Est-ce à dire que les femmes provoquent plus d’incendies que les hommes?
Pour ce qui est des sinistres provoquées par l’électroménager, les femmes arrivent en tête, car c’étaient souvent les seules à savoir cuisiner. Mais je rassure les dames: de manière générale, ce sont les hommes qui ont causé le plus grand nombre de sinistres. Parfois de manière vraiment naïve. J’ai retrouvé le cas d’un vieillard qui tentait de transvaser de l’essence d’un récipient à l’autre dans une grange. Précision de taille: il fumait le cigare et était aveugle.
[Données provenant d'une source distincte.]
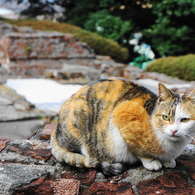 横浜山手のねこ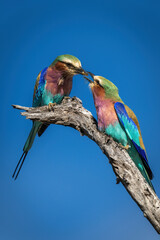 Male lilac-breasted roller passes insect to female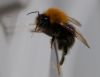 Bumble Bee (2) by Fonzy -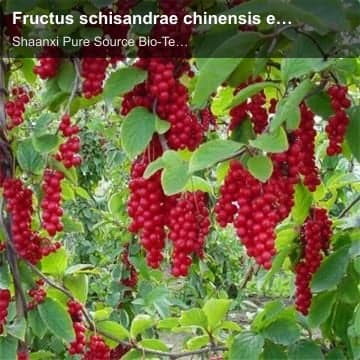 Fructus schisandrae chinensis extract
Le malheureux est malheureusement décédé de ses brûlures.
Quel est le type de bâtiment qui est le plus souvent la proie des flammes?
Entre 1831 et 1900, les fermes et les bâtiments agricoles représentent près du 70% des édifices incendiés. Entre 1900 et 1969, leur proportion passe à 45%. Les maisons qui ne constituaient que le 6% des sinistres au XIXe siècle, représentent 20% des incendies au XXe siècle.
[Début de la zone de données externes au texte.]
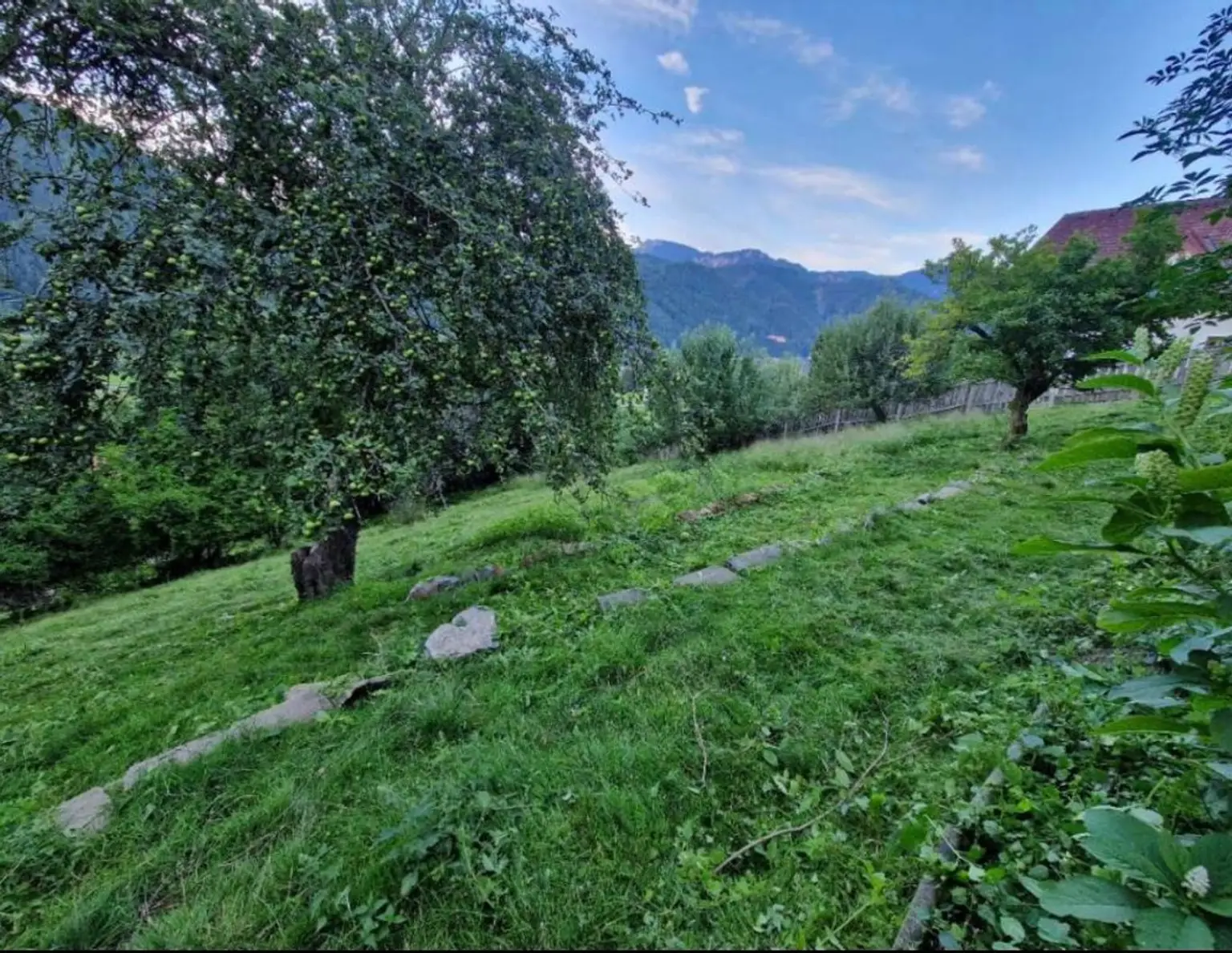 Grundstück mit Traumaussicht in Hanglage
Et qu’en est-il des incendies de villages et de villes?
Ils étaient relativement fréquents et extrêmement craints au XIXe. Ils ont progressivement disparu dès le début du XXe grâce à l’amélioration des constructions et de la prévention. Parmi les plus grandes catastrophes, on peut citer celles de Bulle (1805), Albeuve (1876), Broc (1890), Neirivue (1904) et Planfayon (1906). D’autres incendies d’une ampleur plus modeste ont dévasté Romont (1843, 1853, 1863), Morlon (1854), La Tour-de-Trême (1852) ou encore Chiètres (1881).
Les incendies à Fribourg entre 1831 et 1969 ont-il été de grands dévoreurs d’hommes?
Nous n’avons dénombré qu’une grosse vingtaine d’habitants qui sont décédés dans les flammes de leurs maisons. La plupart du temps, les gens ont en effet le temps de quitter leur domicile. Les décès sont plus élevés – une trentaine – parmi les pompiers et les civils qui prêtent leurs bras dans le feu de l’action. En tout, cela fait une cinquantaine de décès. Ce qui est relativement modeste par rapport aux 10000 cas recensés.